Continuous accounting is gaining momentum, with some proponents claiming the strategy will soon become standard operating procedure. SAP users who want to make the transition to continuous accounting can do so with relative ease using standard SAP out-of-the-box capabilities.
Limited staff and a compressed timeframe can make closing the books at the end of the month challenging, so many companies are turning to continuous accounting to smooth out the workload and achieve faster closings. Business Planning and Consolidation is one SAP tool that could potentially help with continuous accounting.
Here’s a look at the concept of continuous accounting and how users can achieve it with SAP products.
What is continuous accounting?
In a traditional period-end scenario, a company’s finance department shuts off transaction processing for the prior month, reconciles accounts, creates adjusting entries, runs currency revaluations, calculates eliminations and creates consolidated statements. Theoretically, all that work begins just after the last day of each month and continues until the work is done.
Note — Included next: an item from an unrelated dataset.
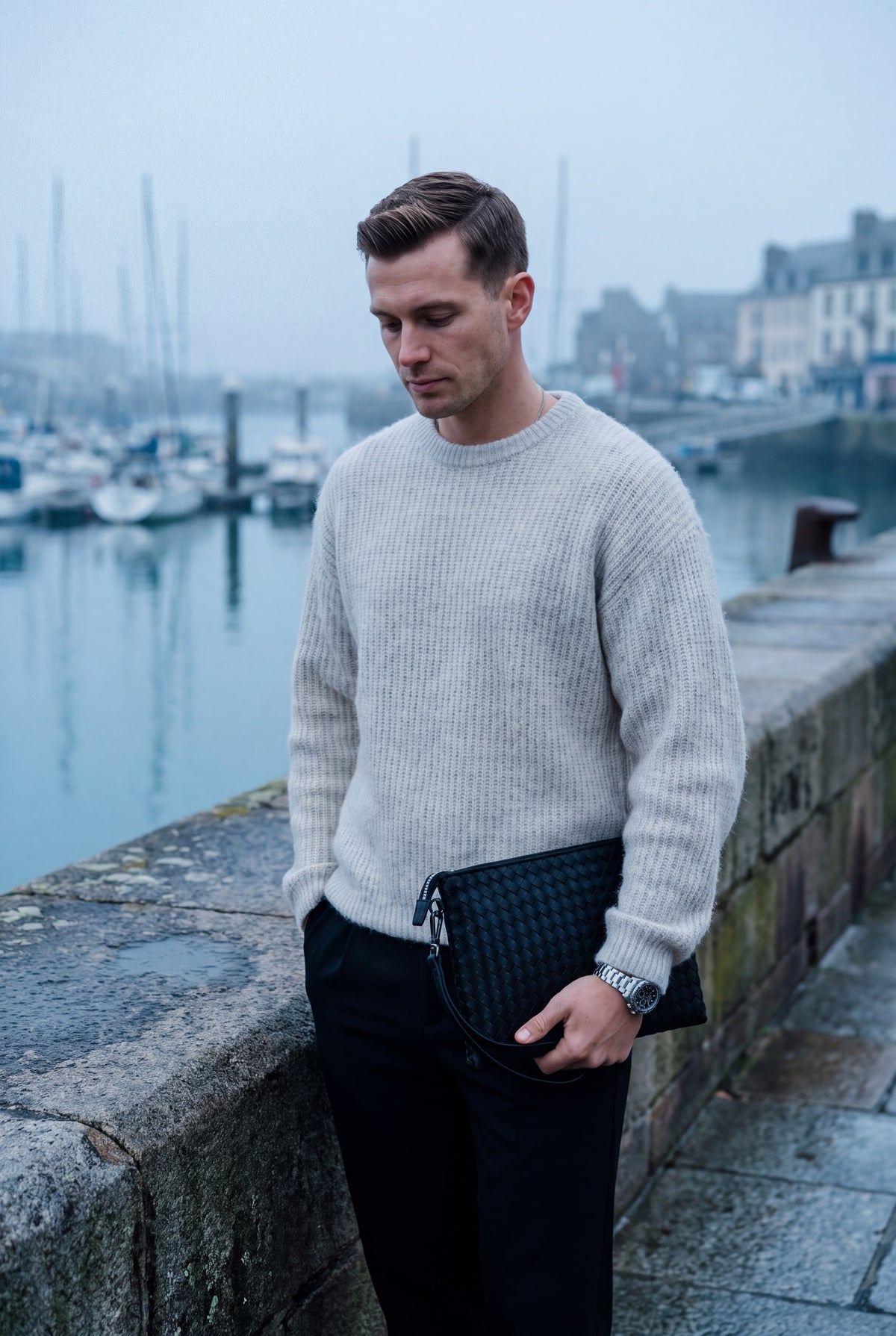 Mirsino Woven Leather Clutch - Black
With continuous accounting, a finance department spreads that work out over time and attempts to complete as much work as possible before the actual period-ending date. By running simulations based on the current month’s data, the finance department can validate transactions and balances in advance and begin to build a picture of financial results without waiting for all the information.
For example, most companies handle intercompany balances the same way. As money and resources shift from one corporate entity to another, balances are due to or from each company. Those intercompany receivables and payables should net out to zero across all companies under the corporate umbrella. If they don’t, then further research and adjustments are required.
Finance departments usually process intercompany transactions and reconcile those balances as a batch. Doing so can be a lot of work, and if that work all happens at the same time — that is, after month-end — then a finance department must take care of those tasks in addition to the rest of the intensive period-end workload.
With continuous accounting, a finance department might process intercompany transactions in smaller batches throughout each month or even on a transaction-by-transaction basis. Doing so saves the finance team time at the end of the month.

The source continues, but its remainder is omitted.